Cara Imbruttita, caro Imbruttito, stai per leggere un "pezzo barbecue". Subito c'è la "ciccia" fornita dall'Ispettorato Nazionale del Lavoro: una grigliata di mamme lavoratrici che, dopo la graticola del dubbio, hanno deciso di passare dalla padella dei salti mortali alla brace della disoccupazione volontaria. Poi, c'è la salsa chili di una vicenda personale, quella della giornalista (e nostra collaboratrice) Daniela Faggion. Una fra le tante eh. Né peggio, né meglio: allunga l'orecchio mentre due amiche parlano al bar e ne troverai a vagonate. Certo, la "ciccia" puoi mangiartela anche senza salsa. Ma con la salsa chili rende meglio e alla fine, per digerire il tutto, una grappa incendiaria. Per palati forti.
La ciccia
Nel 2022, in Italia, hanno lasciato il lavoro entro il terzo anno di vita del figlio 16722 uomini e 44.669 donne. Lo dice l'Ispettorato Nazionale del Lavoro, che ha registrato un aumento delle dimissioni complessive del 17,1% rispetto al 2021. Per gli uomini (neo-padri) il motivo principale è il passaggio verso un'altra azienda (78,9%), mentre per il 63% delle donne (neo-madri), il motivo principale è la fatica nel tenere insieme lavoro e famiglia. E ovviamente prima deve venire la famiglia, perché non puoi mica raccontare che la moglie lavora e il marito si occupa dei figli, vero?! Infatti, non solo si dimettono le neo mamme che guadagnavano meno dei neo-papà anche prima di essere genitori, ma si dimettono anche più dirigenti donne rispetto agli uomini: 410 contro 326.
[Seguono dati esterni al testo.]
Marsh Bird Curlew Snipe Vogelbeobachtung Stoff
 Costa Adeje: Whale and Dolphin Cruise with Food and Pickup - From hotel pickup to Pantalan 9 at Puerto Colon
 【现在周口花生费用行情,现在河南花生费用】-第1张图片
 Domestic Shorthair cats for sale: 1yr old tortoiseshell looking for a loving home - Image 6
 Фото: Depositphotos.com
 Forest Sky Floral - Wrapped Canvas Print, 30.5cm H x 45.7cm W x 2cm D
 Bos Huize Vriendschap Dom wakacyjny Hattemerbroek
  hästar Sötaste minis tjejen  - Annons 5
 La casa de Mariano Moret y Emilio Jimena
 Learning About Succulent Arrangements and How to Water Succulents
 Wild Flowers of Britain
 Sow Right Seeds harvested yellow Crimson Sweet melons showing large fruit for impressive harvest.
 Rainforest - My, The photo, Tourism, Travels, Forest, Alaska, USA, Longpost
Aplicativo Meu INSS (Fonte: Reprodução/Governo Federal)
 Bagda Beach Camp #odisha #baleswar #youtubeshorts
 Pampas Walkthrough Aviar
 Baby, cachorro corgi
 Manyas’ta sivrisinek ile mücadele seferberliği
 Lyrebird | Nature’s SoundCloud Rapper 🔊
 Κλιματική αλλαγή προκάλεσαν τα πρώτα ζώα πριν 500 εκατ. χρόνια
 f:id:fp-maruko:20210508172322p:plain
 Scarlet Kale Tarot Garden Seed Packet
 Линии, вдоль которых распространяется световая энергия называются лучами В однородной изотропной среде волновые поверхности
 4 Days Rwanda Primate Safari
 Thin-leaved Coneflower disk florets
Non stupitevi, perché non c'è nulla da stupirsi. C'è forse da decidere di fare finalmente qualcosa, visto che di incazzarci pare che ci siamo dimenticate. Quando leggiamo questi dati aggregati, sobbalziamo forse, ma poi quasi per autodifesa andiamo subito a pensare che a noi e alle nostre amiche questo non potrebbe mai succedere. In realtà, probabilmente è già successo e succede tutti i giorni: perché il 92% di coloro che si dimettono fanno un lavoro da impiegata/o o da operaia/o, quindi è altamente probabile che qualche nostra conoscente faccia parte della triste brigata delle dimissionarie. In più, i dati INL non considerano tutte le "libere" professioniste che hanno appeso la "libera" professione al chiodo dopo i figli: in generale, un "parco mamme" che due idee nella vita dovrebbe averle avute, che non sono state costrette a un odioso matrimonio combinato o a figliare col primo che passava pur di uscire di casa. Eppure, si sono ritrovate peggio delle loro madri.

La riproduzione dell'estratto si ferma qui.